Copy the opening lines of the listing exactly, through and including the line with "Xaver Schlager VfL"; do not copy any pictures.

● ● ● ●

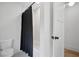 Clean bathroom with a black shower curtain, and white fixtures at 2100 Mountain Cove Ct, Woodstock, GA 30188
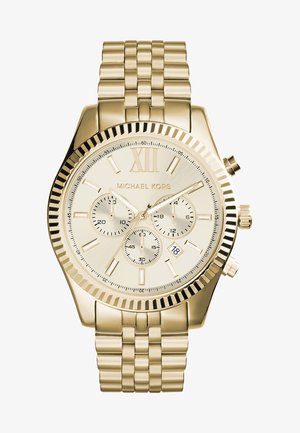 Złoty zegarek Michael Kors z okrągłą tarczą, rzymskimi cyframi, trzema sub-tarczami i polerowaną bransoletą ogniwową. Okienko daty na godz. 6.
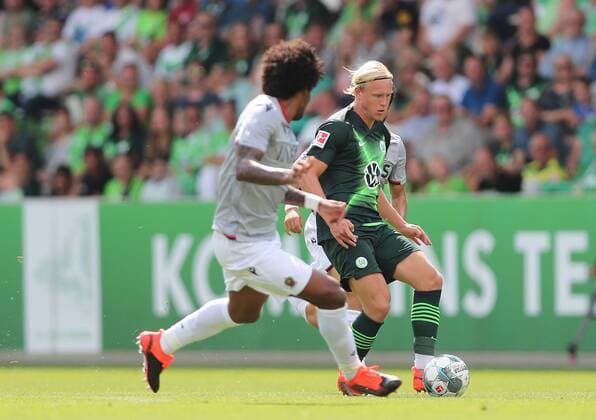 Xaver Schlager VfL Wolfsburg in duel with Dante nizza DFL REGULATIONS PROHIBIT ANY USE OF PHOTOGRAPHS AS IMAGE SEQUENCES AND OR QUASI VIDEO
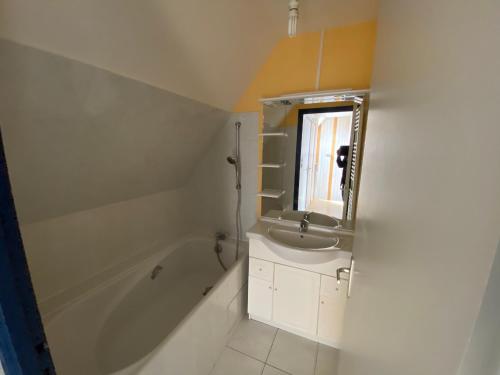 une salle de bain avec un lavabo, une baignoire et un miroir dans l'établissement Duplex T3 avec 2 parkings à 400m du centre de Lorient - FR-1-349-197, à Lorient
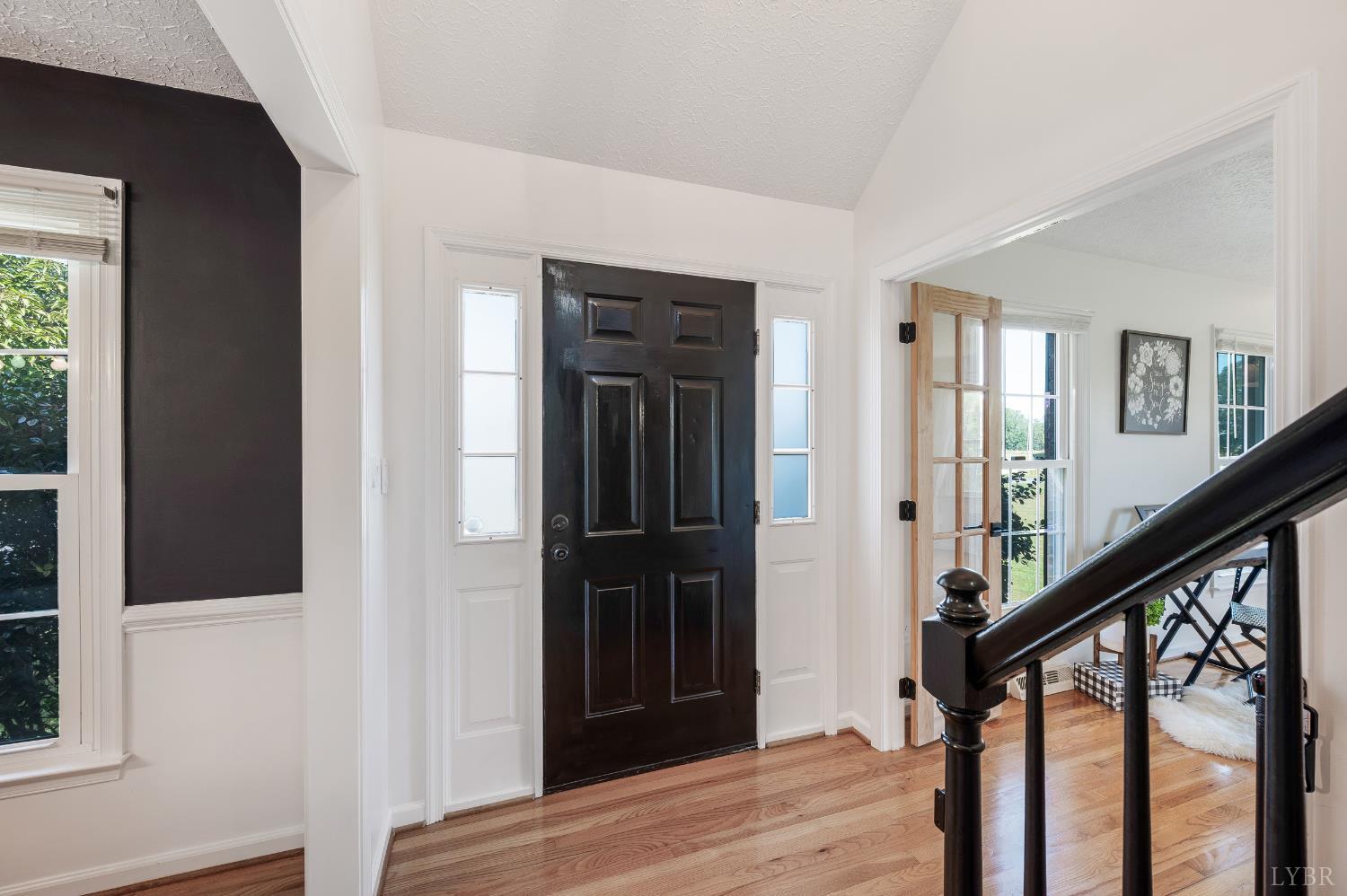 1199 Great Oak Road Forest, VA 24551 - Photo 6 of 85 a view of a hallway with wooden floor and stairs
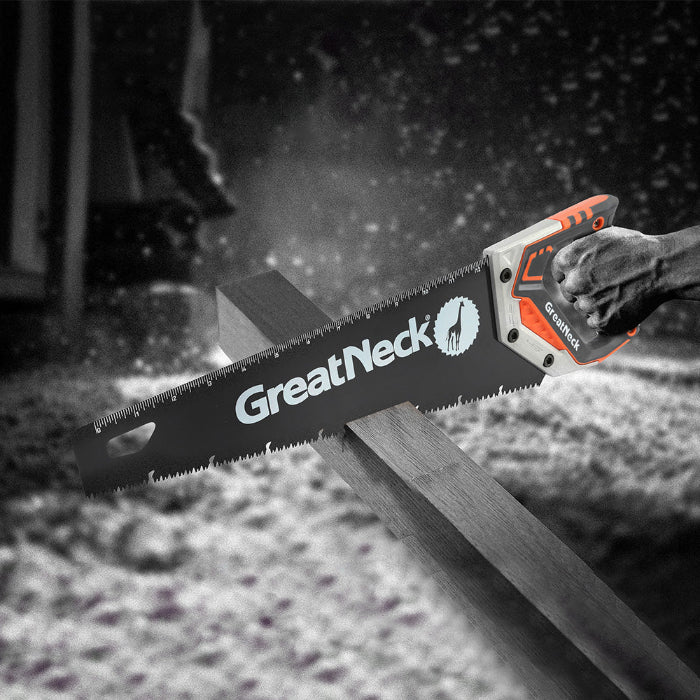 Black and white image of someone using a GreatNeck Tools saw where only the saw is colored orange.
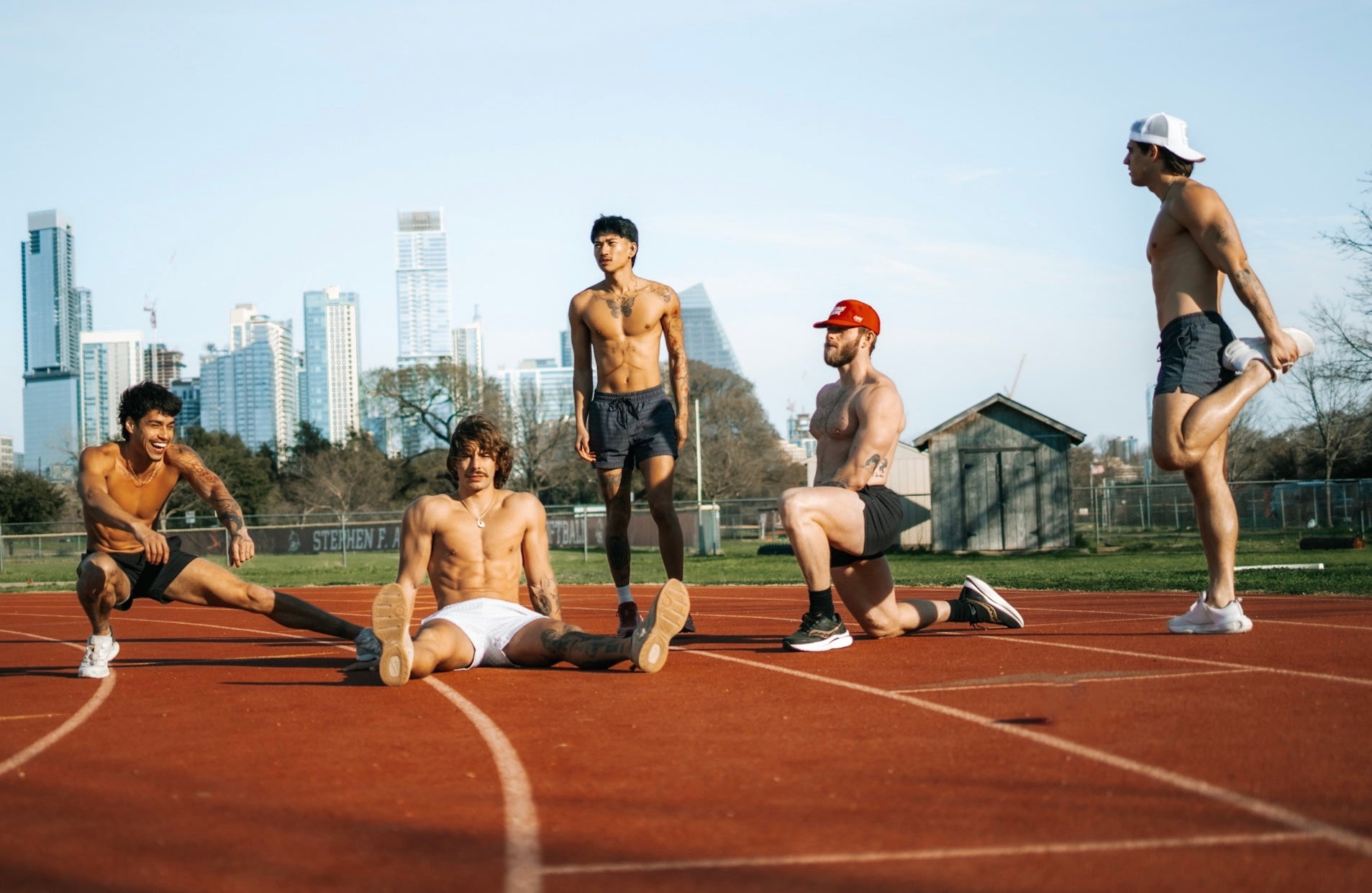 5 athletes stretching before a run together, all wearing men's mesh shorts with 4 inch inseams from SquidHaus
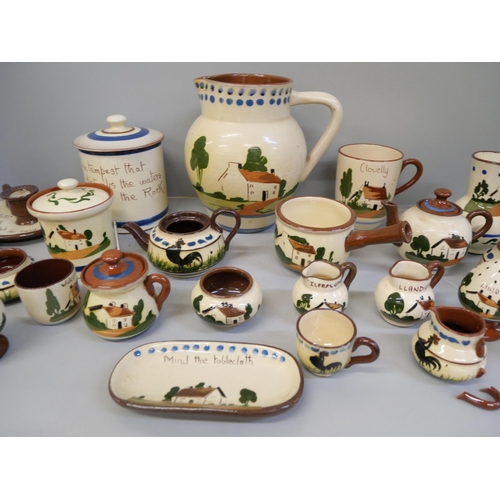 2130 - A ceramic tea service with seagull detail and a collection of motto ware pottery including a large j... 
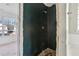 Shower stall with dark green surround needs renovation at 4160 Alveston Dr, Atlanta, GA 30349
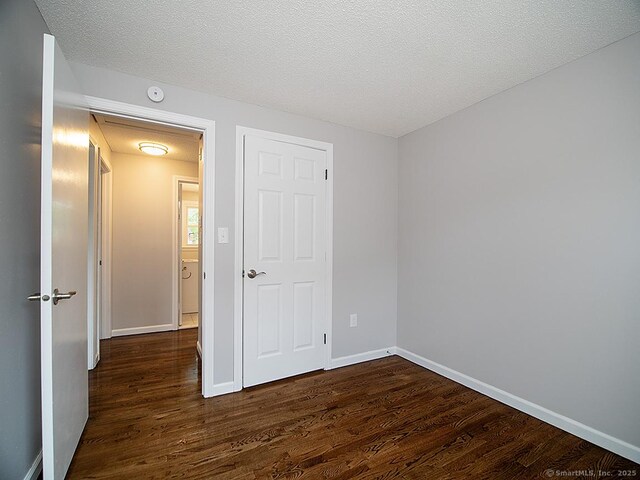 179 Anns Farm Rd, Hamden, CT 06518 - unfurnished bedroom featuring wood finished floors, baseboards, and a textured ceiling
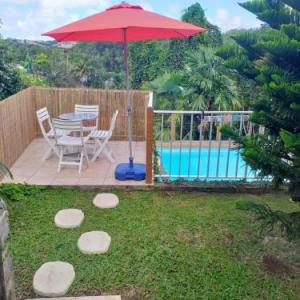 Bungalow with one bedroom in Le Gosier with wonderful mountain view shared pool enclosed garden 2 km from the beach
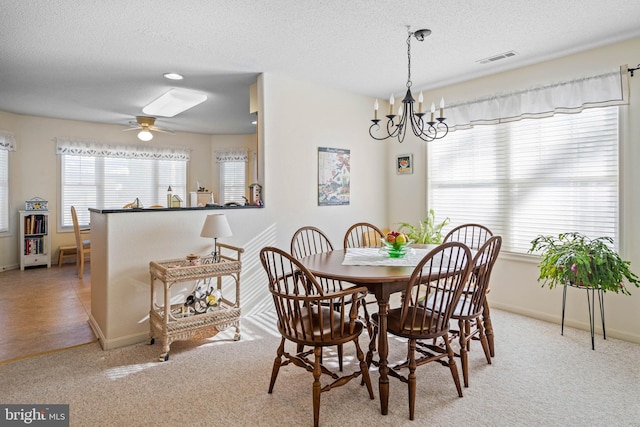 carpeted dining area featuring a textured ceiling and ceiling fan with notable chandelier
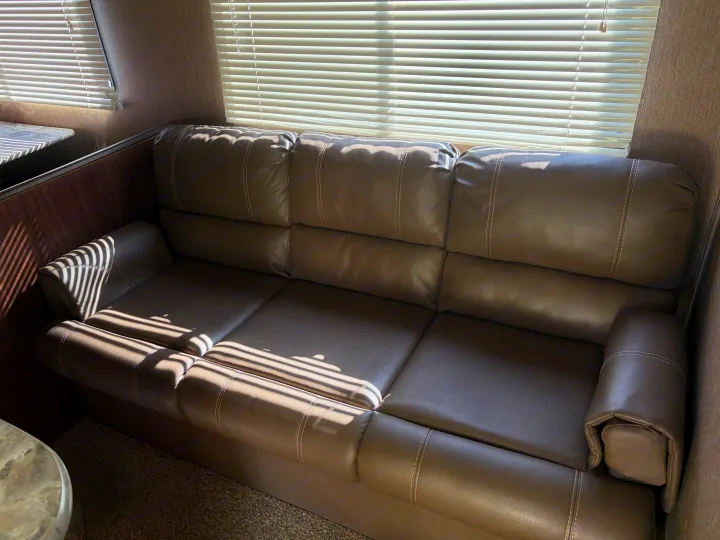 Comfortable brown leather couch in an RV rental, with sunlight streaming through window blinds, offering cozy seating for travelers.. Dutchmen Coleman Lantern 2018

● ● ● ●

# [WRITTEN ANSWER]
 Clean bathroom with a black shower curtain, and white fixtures at 2100 Mountain Cove Ct, Woodstock, GA 30188
 Złoty zegarek Michael Kors z okrągłą tarczą, rzymskimi cyframi, trzema sub-tarczami i polerowaną bransoletą ogniwową. Okienko daty na godz. 6.
 Xaver Schlager VfL Wolfsburg in duel with Dante nizza DFL REGULATIONS PROHIBIT ANY USE OF PHOTOGRAPHS AS IMAGE SEQUENCES AND OR QUASI VIDEO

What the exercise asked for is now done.